Apple has filed for a patent (number 202003896234) for “devices with enhanced audio” that shows the tech giant is looking for ways to improve audio output in all its devices, especially Macs.
This involves Macs with better built-in speakers and improved ability to send audio to external speakers. Especially interesting is that some of the patent graphics hint at Macs with built-in Face ID and body location (Body ID?) that could adjust sound based on where the user is standing relative to the desktop or laptop. All this would be accomplished by adding more sensors to Macs.
In the patent filing, Apple notes that electronic devices, such as computers, mobile phones, audio players, laptops, tablet computers, and TVs may have an integrated speaker or may be able to communicate with an audio output device.

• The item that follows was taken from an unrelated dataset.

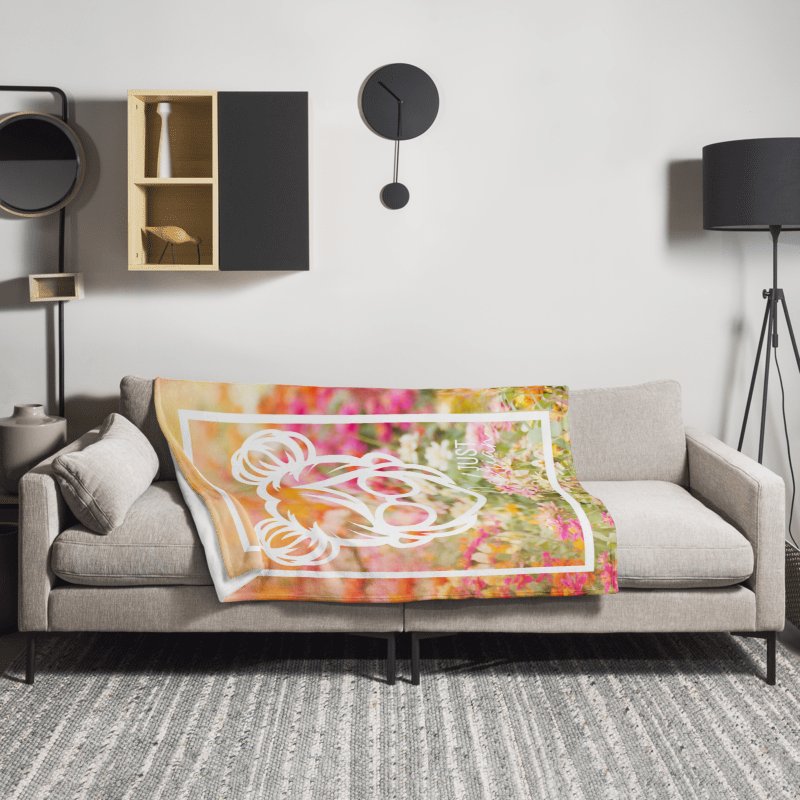 Floral Cab Logo Throw blanket product image (1)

Additionally, such devices may also include a visual or video output device or communicate with a video display device.
Apple says that such devices could offer improved audio or video output if the audio output is able to be adjusted to the environment, surroundings, circumstances, program, and/or environment. However, many audio and video output devices may require a user input or interaction in order to change a particular output or may not have variable output settings.
In these instances the audio and/or video output may not be performing or outputting the best quality sound or images for the particular environment, programs, circumstance, or the like. Apple’s solution is for its devices to be able to adjust audio quality without a user physically touching the Mac or iPad by, as mentioned, sensors that determine where a user is standing or sitting.
Here’s the summary of the invention: “A system for enhancing audio including a plurality of sensors, an output device, and a processor in communication with the plurality of sensors and the output device. The processor is configured to process data captured by the plurality of sensors, and based on that, modify an output of the output device. The processor also is configured to determine whether there are a plurality of users associated with a video conferencing session, determine which user of the plurality of users is speaking, and enhance the audio or video output of the speaking user on the output device.”